God knows you better than you know yourself
Job, the biblical character who endured more than his share of bad days, felt the same frustration and disappointment that anyone walking in his sandals might feel. Job expressed his feelings strongly in Job 30:26-31 (NIV): “Yet when I hoped for good, evil came; when I looked for light, then came darkness. The churning inside me never stops; days of suffering confront me. I go about blackened, but not by the sun; I stand up in the assembly and cry for help. I have become a brother of jackals, a companion of owls. My skin grows black and peels; my body burns with fever. My lyre is tuned to mourning, and my pipe to the sound of wailing.”
May I paraphrase? “Just when I’ve had all I can take and I think it can’t get worse, it gets worse! Anxiety and depression are constant burdens. No one understands my pain. My body aches and my health is terrible. I can’t even get a good night’s sleep. I think I’m dying. The only music left in me is a funeral dirge.”
Job speaks strongly because sometimes you just have to let it out! Sometimes you just have to tell God how you feel. Job wanted God to know!

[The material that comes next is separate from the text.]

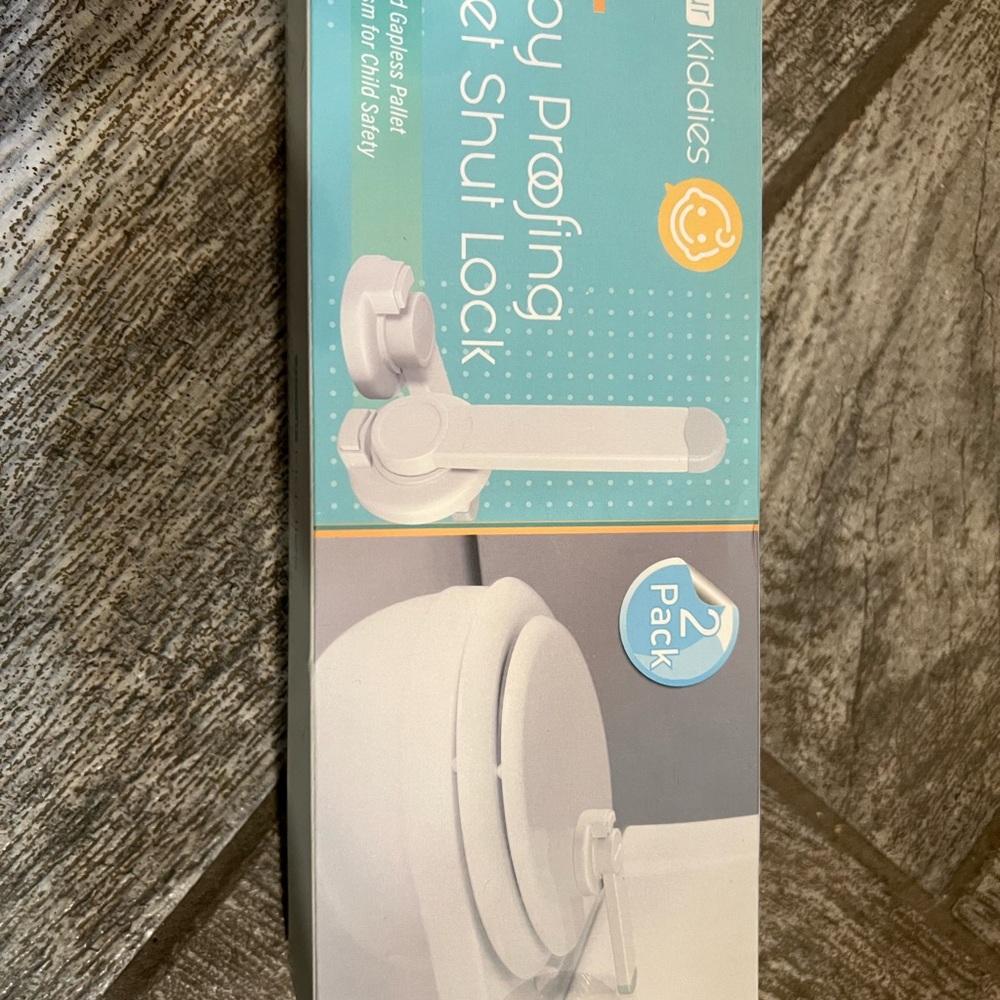 Kiddies Baby Proofing Toilet Shut Lock 2 Pack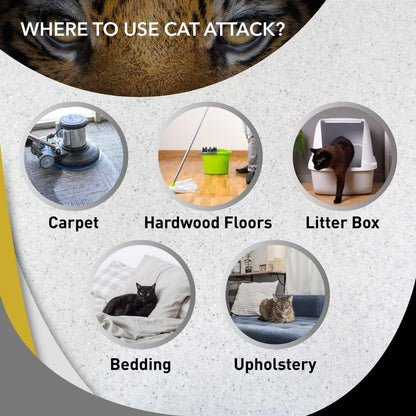 Odorcide Cat Attack Concentrate Odor Eliminator - Cat Urine Remover for Carpet & Upholstery - Litter Box Odor Eliminator - 16 Oz3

Maybe you’ve experienced times of your own when you wondered if God knew what you were going through. “God, do you know what it’s like to wait for the results of medical tests that could bring devastating news?” “God, do you know what it’s like to lay awake waiting for my teenager who was supposed to be home by 11 and now it’s after midnight? Where is she, Lord?” “Lord, do you know what it’s like to feel as if the person I’ve married has become a stranger? How can we reconnect?” “Lord, do you know the stress of being in an accident and worrying about a lawsuit?” “Lord, do you know how discouraging it is when there’s not enough money to pay the bills, and then the refrigerator blows up?”
God answers Job with a question of His own: “Who is this that darkens my counsel with words without knowledge?” (Job 38:2, NIV84). God then posed a series of questions that demonstrated Job’s ignorance contrasted to God’s knowledge and power: “Who marked off the dimensions of the earth? Surely, you know” (Job 38:4). “What is the way to the abode of light? And where does darkness reside? Can you take them to their places? Do you know the paths to their dwellings? (Job 38:19-20). “Do you know the laws of the heavens?” (Job 38:33 – a way of asking Job if he can control the weather!). “Do you know when the mountain goats give birth?” (Job 39:1). Those questions are God’s way of saying, “Really, Job, do you think there is anything I don’t know?”
DNA has been called “the signature of God.” The information in one strand of human DNA would fill about a million encyclopedia pages. That means that if a typist typed 60 words per minute, 8 hours a day, it would take him about 50 years to cover the information in one DNA strand. Minister Kyle Idleman told the story of a computer software designer who was hired to help write software to study the human genome. After working a few months, the software designer said to his boss, “I can’t help but get the feeling when I’m looking at the design patterns in a human cell that somebody has figured this out before us.”
Yes, God knows. He knows because He is the creator and judge of all the earth. Hebrews 4:13 says, “Nothing in all creation is hidden from God’s sight. Everything is uncovered and laid bare before the eyes of him to whom we must give account.” God knows because He wrapped himself in human flesh and experienced the troubles of humanity firsthand. Hebrews 4:15 says, “For we do not have a high priest who is unable to sympathize with our weaknesses, but we have one who has been tempted in every way, just as we are–yet was without sin.” God sees our circumstances, hears our prayers, listens to our cries of pain and terror, and understands our hearts. God knows.
In Matthew 10:30, Jesus declared, “even the very hairs of your head are all numbered.” God knows you better than you know yourself! Now ask this: “Why does God want to know?” Isn’t it because He cares?